Home Again

HOME AGAIN (USA/12A/97mins)
Directed by Hallie Meyers-Shyer. Starring Reese Witherspoon, Michael Sheen, Nat Wolff, Candice Bergen, Pico Alexander.
THE PLOT: 
After her film director father dies and leaves her his LA home, and her marriage falls apart, Alice (Reese Witherspoon) and her three kids move cross-country to start a new life. Not long after they arrive, Alice meets three young men in their twenties; Teddy (Nat Wolff), Harry (Pico Alexander) and George (Jon Rudnitsky) on a night out. It is not long before Alice’s mother Lillian (Candice Bergen) decides the three aspiring filmmakers should live in Alice’s guest home while they wait for their big break.

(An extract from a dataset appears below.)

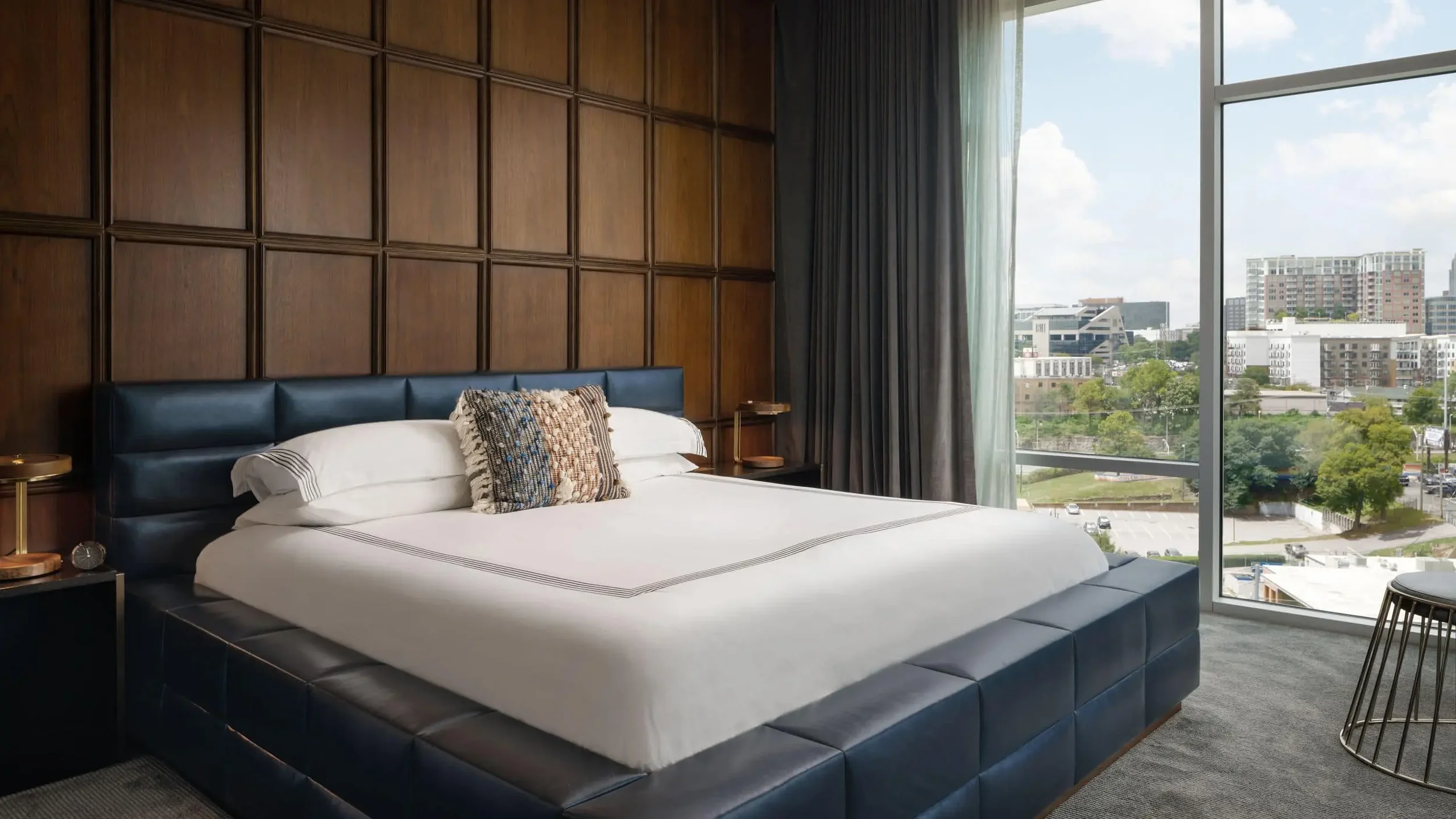 A modern hotel room with a large bed, a wood-paneled wall behind the bed, a large window with cityscape view, and a small round side table.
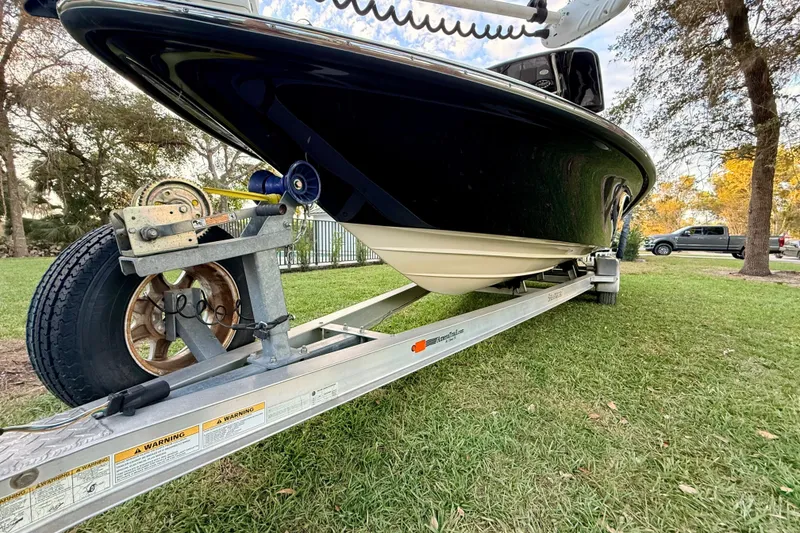 Slide: The Image of 2012 ShearWater 25LTZ boat on trailer, parked on grass, side view. - 7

THE VERDICT: Written and directed by Hallie Meyers-Shyer, daughter of Rom-Com Queen Nancy Meyers, Home Again should have been the film to rejuvenate the rom-com which, truth be told, has been in decline for some time. Unfortunately, even with Reese Witherspoon and Michael Sheen on board, Home Again is vapid, predictable and uninteresting.

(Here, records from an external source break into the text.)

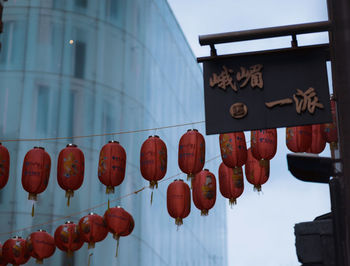 Low angle view of lanterns hanging by building against sky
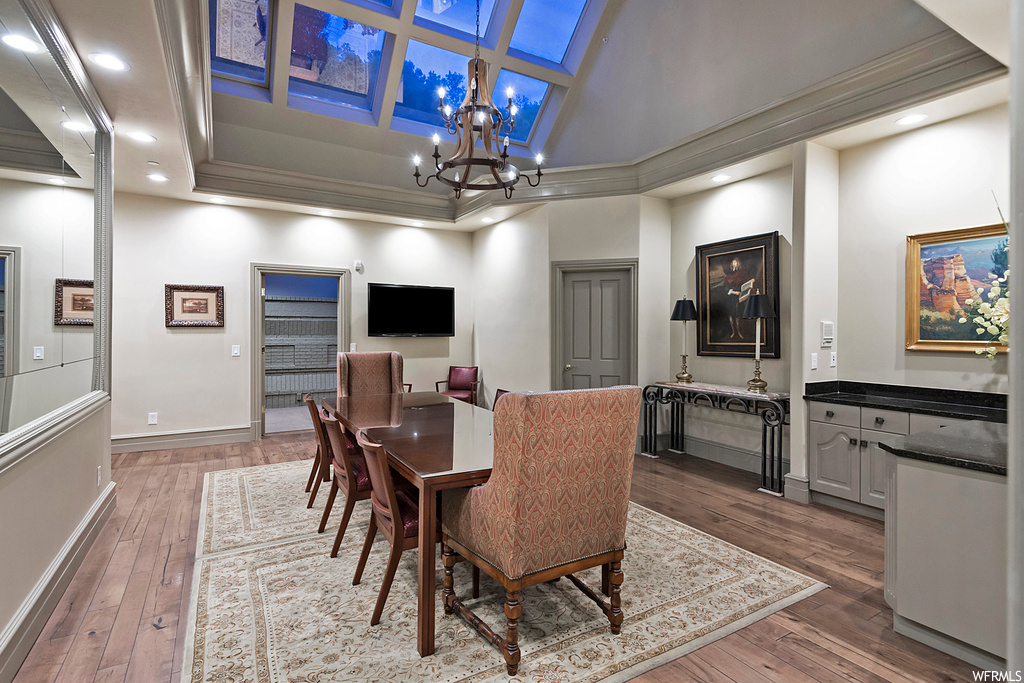 Dining room featuring a chandelier, light hardwood floors, coffered ceiling, crown molding, a raised ceiling, and a high ceiling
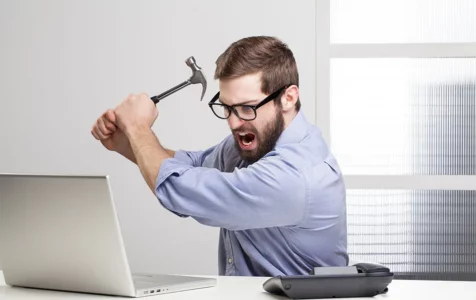 Man with Hammer in Front of Computer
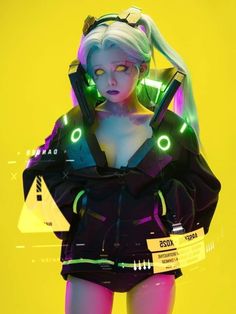 a woman with neon makeup and headphones standing in front of a yellow background wearing a futuristic outfit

Reese Witherspoon does her best with Alice, but never manages to make the character jump off the screen. There is little commend the character or make her anything other than a collection of quirks and clichés, other than Alice being the daughter of a famous filmmaker, and it is hard to root for a character who does not feel like a real person, or even someone the audience can identify with. The three young men who move in with Alice seem to have one defining trait – the love interest, the cute one, the writer – and there is nothing else to commend them, even with all the superficial drama created in the screenplay. Michael Sheen does his best to make Alice’s former husband Austin a charming guy, but like the rest of the cast, small things are the ones that bother him the most, making him a profoundly unlikeable character.

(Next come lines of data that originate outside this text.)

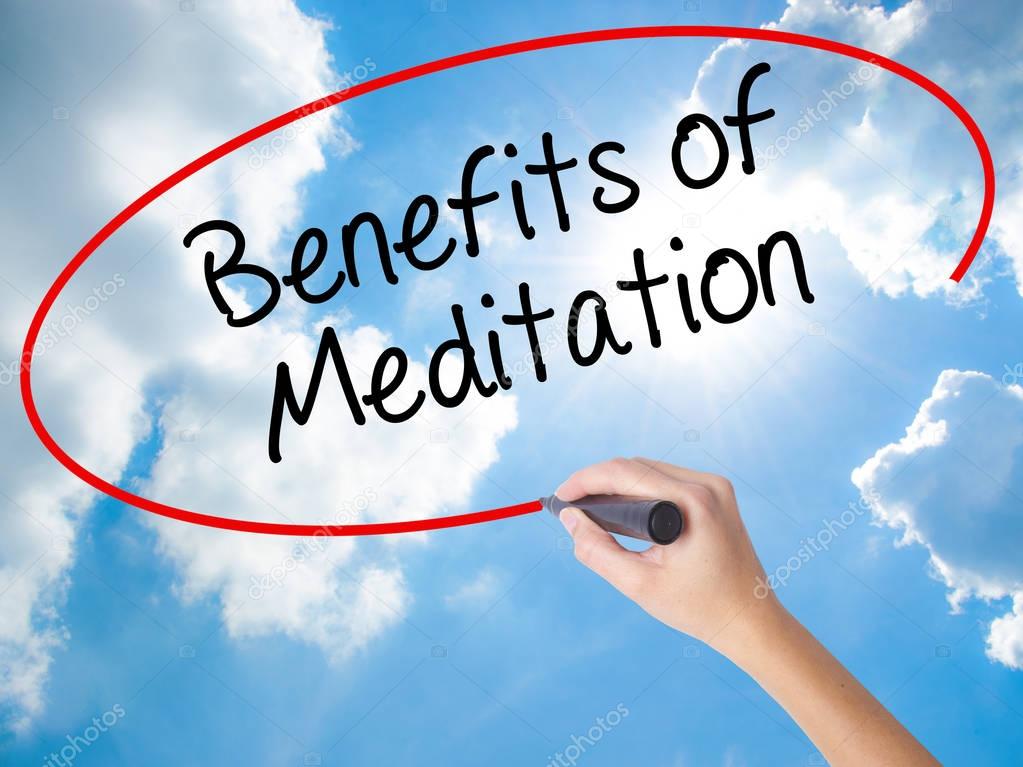 Woman Hand Writing Benefits of Meditation with black marker on v
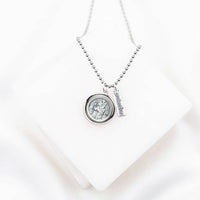 A silver necklace with a round St. Christopher/Archangel Michael medallion pendant and a vertical 'protection' charm, displayed on a white geometric block against a white background.
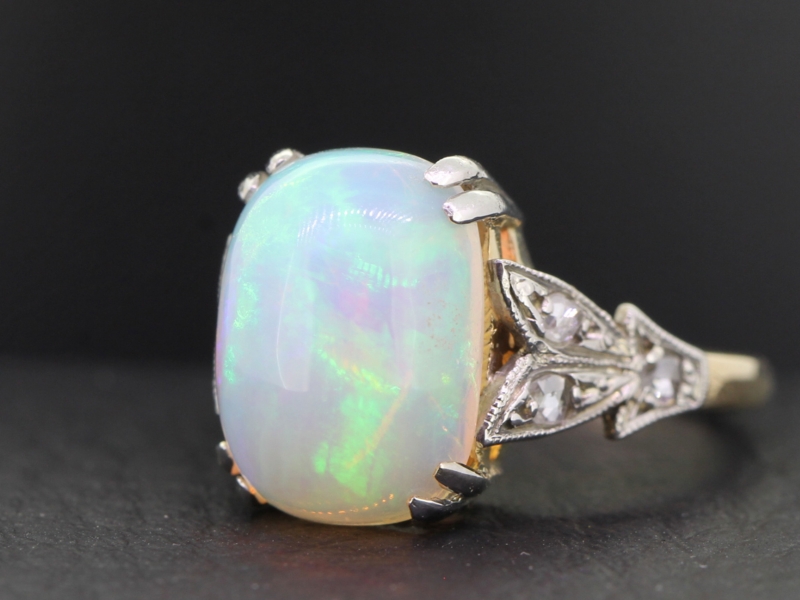 STUNNING OPAL AND DIAMOND 18 CARAT GOLD AND PLATINUM RING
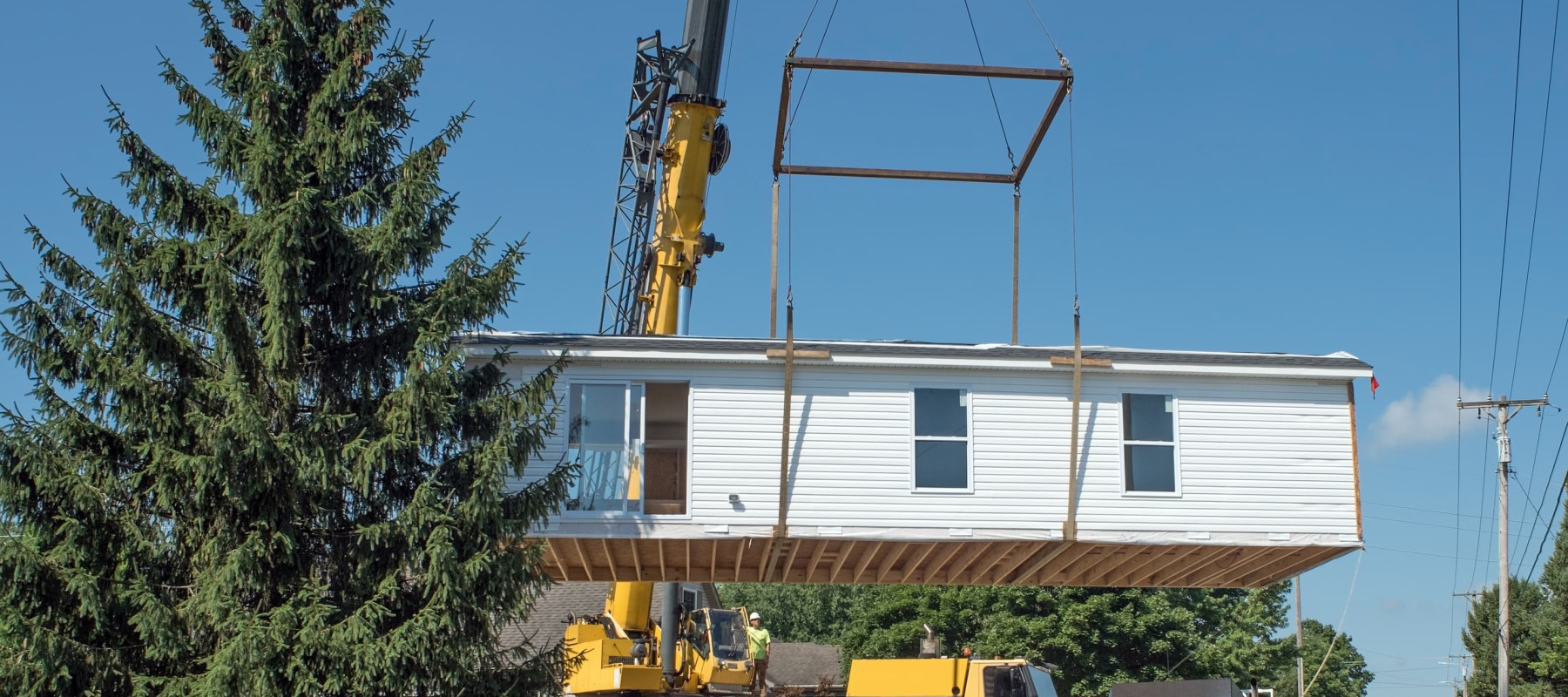 A photo of a manufactured home being placed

Meyers-Shyer’s screenplay is one filled with cloches and predictable choices made by the characters. There is very little that happens in the screenplay that feels surprising or new, and the characters find small issues ones that cause the most problems; someone not being able to make a dinner date even though they said they may not be able to leads to screaming matches and the end of a romance. This means that Home Again goes from being a film with potential to be heightened but charming, to a film with unrelatable characters and preposterous situations.
As director, Meyers-Shyer never manages to get the pace of Home Again going, or to put the shine on a film filled with filmmakers, rich LA types and aspirational people. The film cuts between stories, meaning the whole thing feels rather messy, and even the scenes with the potential to be charming and comedic feel awkward and slightly stilted.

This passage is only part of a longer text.